# grammatisch vs. grammatikalisch



## Whodunit

Wo liegt zwischen diesen beiden Wörtern der Unterschied im Deutschen? Ich benutze gerne "grammatikalisch" in Bezug auf Fehler, aber "grammatisch" bezüglich der Grammatik im Allgemeinen, aber der Duden sagt bei "grammatikalisch" leider nur "seltener für grammatisch". Mir gefällt "grammatikalisch" besser, da es ähnlich dem englischen "grammatical(ly)" ist.

Bsp.:

"Das ist sprachlich und grammatikalisch falsch. Man kann doch nichts zwischen "immer noch" einfügen!"

"Also grammatisch gesehen, müsstest du hier ein Komma setzen."

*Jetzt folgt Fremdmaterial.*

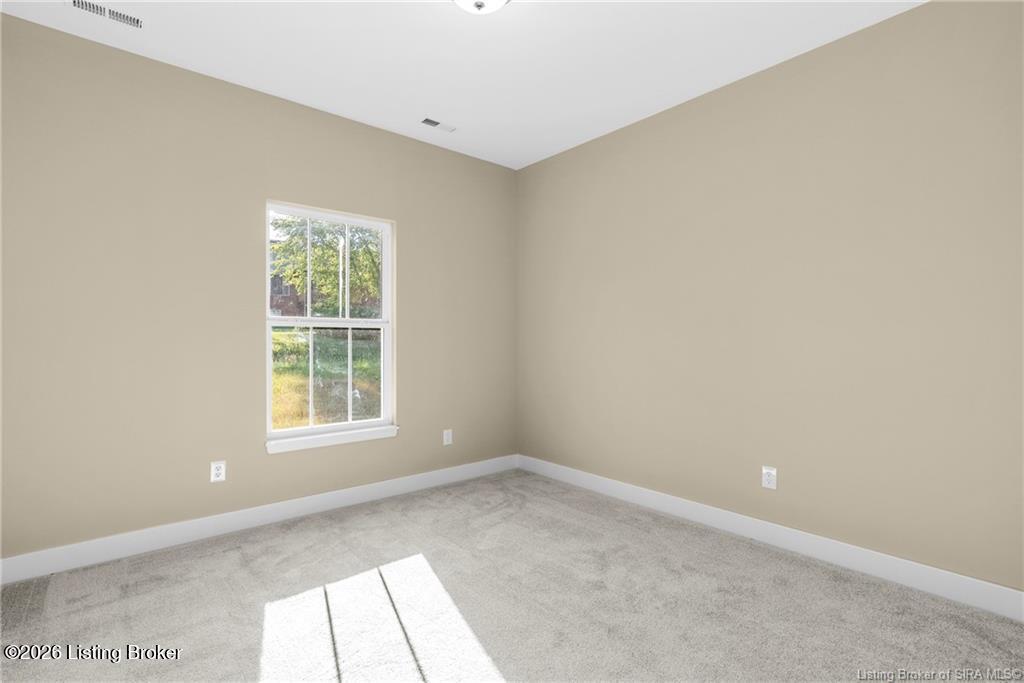 7014 Dylan Cir Property Photo 37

Ich freue mich schon, auf eure Antworten.


----------



## MrMagoo

Hallo Daniel, 

der Duden hat im Grunde Recht - der Grund, weshallb wir zwei verschiedene (und doch recht ähnliche Wörter) haben ist folgender:
Sie entstammen zwei anderen Sprachen; das eine Wort kommt aus dem Griechischen, das andere aus dem Lateinischen (obwohl jenes, welches wir aus dem Lateinischen übernommen haben, ursprünglich auch aus dem Griechischen kommt - die Römer haben sowieso ganz ganz viel von den Griechen abgeschrieben und als 'eigene' Werke ausgegeben).


----------



## Andræs

Hallo Who:

Ich habe eigentlich in meine Deutsch - Spanisch Wörterbuch gesucht, habe jedoch keinen Unterschied gefunden. Wir benutzen zwei verschiedene Wörter auf Spanisch auch, gramatical und gramático und ich weiß auch nicht ob ein Unterchied zwischen diesen beiden Wörtern gibt es.


----------



## Whodunit

MrMagoo said:
			
		

> Hallo Daniel,
> 
> der Duden hat im Grunde Recht - der Grund, weshallb wir zwei verschiedene (und doch recht ähnliche Wörter) haben ist folgender:
> Sie entstammen zwei anderen Sprachen; das eine Wort kommt aus dem Griechischen, das andere aus dem Lateinischen (obwohl jenes, welches wir aus dem Lateinischen übernommen haben, ursprünglich auch aus dem Griechischen kommt - die Römer haben sowieso ganz ganz viel von den Griechen abgeschrieben und als 'eigene' Werke ausgegeben).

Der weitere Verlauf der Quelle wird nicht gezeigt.